W finale konkursu na najlepszą biografię ubiegłego roku, oprócz Artura Domosławskiego, znaleźli się też Anna Arno, Grzegorz Piątek, Magdalena Grochowska i Danuta Gwizdalanka, której zabrakło na uroczystości rozdania nagród (o finałowych biografiach tutaj).
Herstoria, czyli rzecz o kobietach
Górnośląskiej Nagrodzie Literackiej "Juliusz" towarzyszył też konkurs na herstorie, organizowany przez miasto wspólnie z „Wysokimi Obcasami”, dla osób które w krótkim eseju przedstawią sylwetkę niezwykłej kobiety, zasługującej na biografię. Spośród 36 prac wybrano tę nadesłaną przez Dianę Stelowską-Morgulec, wykładowczynię akademicką i autorkę tekstów naukowych i marketingowych, która opisała Zofię Gostomską-Zarzycką - bibliotekarkę, pisarkę, podróżniczkę i współtwórczynię biblioteki Uniwersytetu Wrocławskiego.
- Mam nadzieję, że ta nagroda będzie dla mnie motywacją i inspiracją do dalszego pisania, może właśnie biografii Zofii Gostomskiej-Zarzyckiej, o której wiemy tak mało, a to postać niezwykle ciekawa i fascynująca - mówi laureatka nagrody, która pracując ze studentami natknęła się na dziennik Gostomskiej-Zarzyckiej poświęcony Kanadzie.

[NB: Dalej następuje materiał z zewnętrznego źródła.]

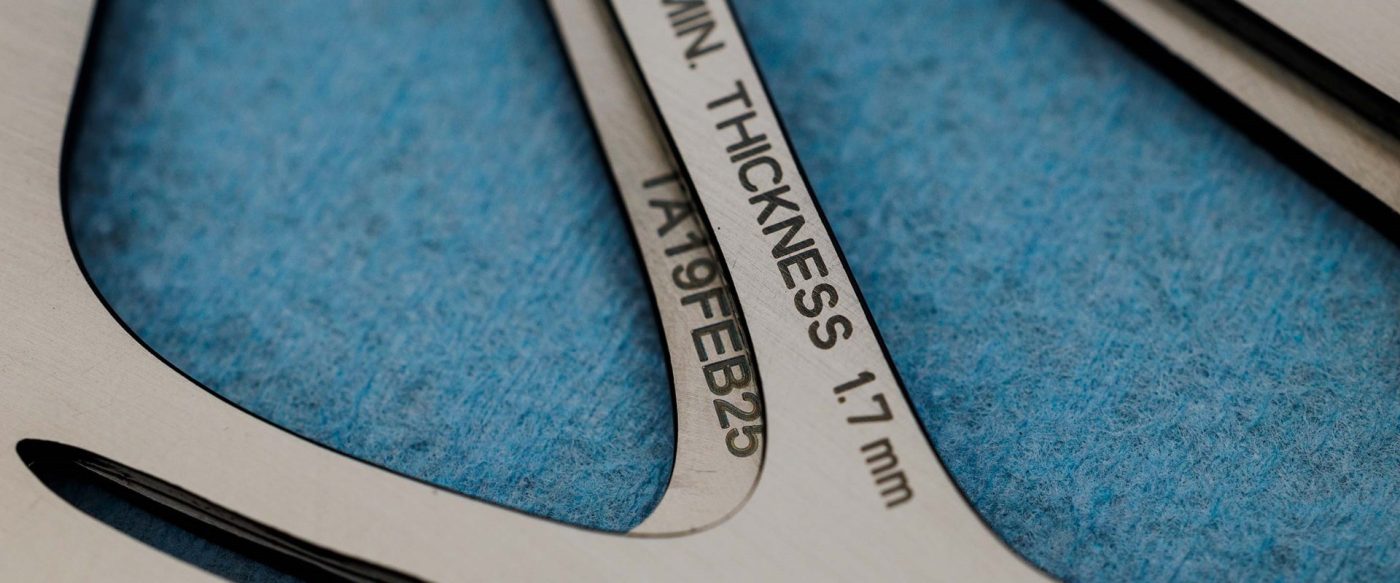 MIN. THICKNESS 1.7 mmおよびTA19FEB25という文字が刻印された金属部品。.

Autorka, której zabrakło na finale "Juliusza", otrzyma nagrodę w wysokości 3000 zł.
Hanka na finał
Wczorajszy wieczór uświetnił występ Grażyny Bułki z Teatru Korez, w monodramie „Mjanujom mie Hanka”, na podstawie książki Alojzego Lyski „Jak Niobe... Opowieść górnośląska”, która była finalistką drugiej edycji nagrody „Juliusz”. Ten wzruszający spektakl w języku śląskim, o górnośląskich dziejach z perspektywy Hanki - żony i matki, w marcu obejrzą też europarlamentarzyści. Łukasz Kohut, orędownik śląskiego języka, zaprosił Teatr Korez do Brukseli.
- Zrobimy tym występem „larmo na cołki karpyntel” - zapowiedział wczoraj w TZR europoseł.
Autor: Sabina Horzela-Piskula
Juliusz dla Wygnańca
Dziennikarz i pisarz Artur Domosławski, autor biografii cenionego filozofa i socjologa pt. „Wygnaniec. 21 scen z życia Zygmunta Baumana”, został laureatem siódmej edycji Górnośląskiej Nagrody Literackiej "Juliusz". Statuetkę odebrał wczoraj (15 października) w Teatrze Ziemi Rybnickiej z rąk prezydenta miasta Piotra Kuczery podczas uroczystej gali. Kapituła, pod przewodnictwem prof. Tadeusza Sławka, wybrała laureata z grona pięciu finalistów, a autor zwycięskiej biografii otrzymał też nagrodę w wysokości 50 tys. zł. Wieczór uświetnił występ Grażyny Bułki w monodramie „Mjanujom mie Hanka” na podstawie książki Alojzego Lyski „Jak Niobe... Opowieść górnośląska”, która była finalistką II edycji nagrody „Juliusz”.